→ Supplied information:
——

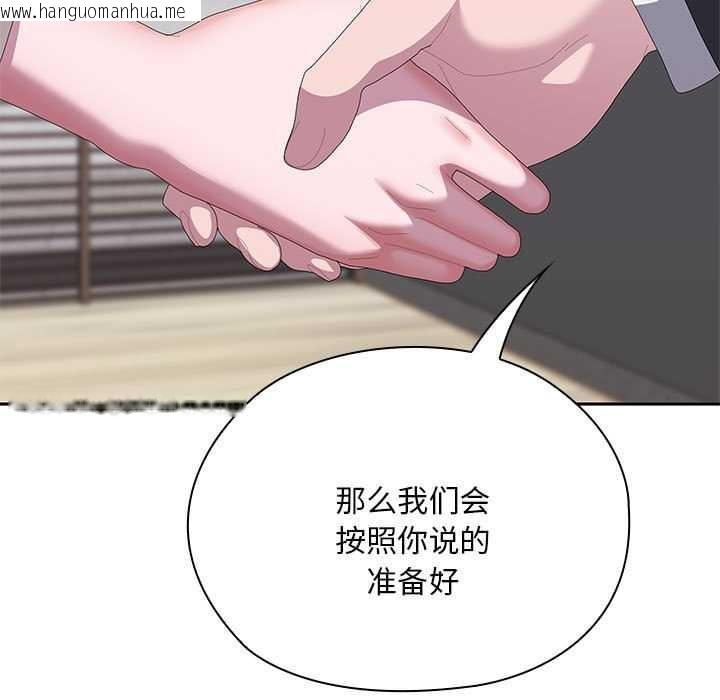 韩国漫画大企业里的小秘密/在大企业当废柴韩漫_大企业里的小秘密/在大企业当废柴-第61话在线免费阅读-韩国漫画-第31张图片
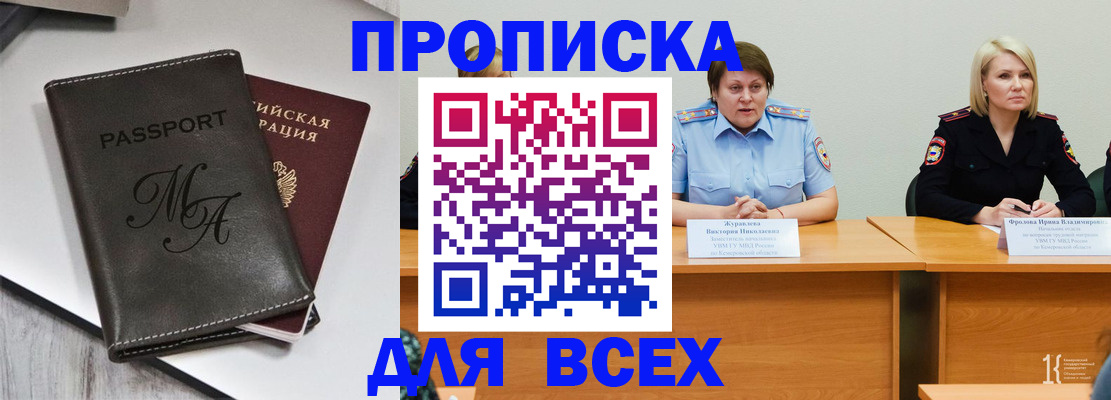 миграционный учет в Выборге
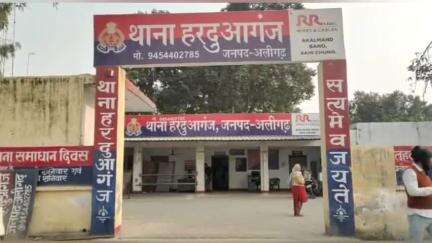 कोल: हरदुआ गांव के निकट रजवाहे में मिला अज्ञात महिला का शव, मौके पर पहुंची पुलिस जांच पड़ताल में जुटी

——

→ What to produce:
For this exercise, retype exactly, and only, the lines from the line with "миграционный учет в Выборге" through the last line of the material above, both included. Pictures stay out.

→ Task answer:
 миграционный учет в Выборге
 कोल: हरदुआ गांव के निकट रजवाहे में मिला अज्ञात महिला का शव, मौके पर पहुंची पुलिस जांच पड़ताल में जुटी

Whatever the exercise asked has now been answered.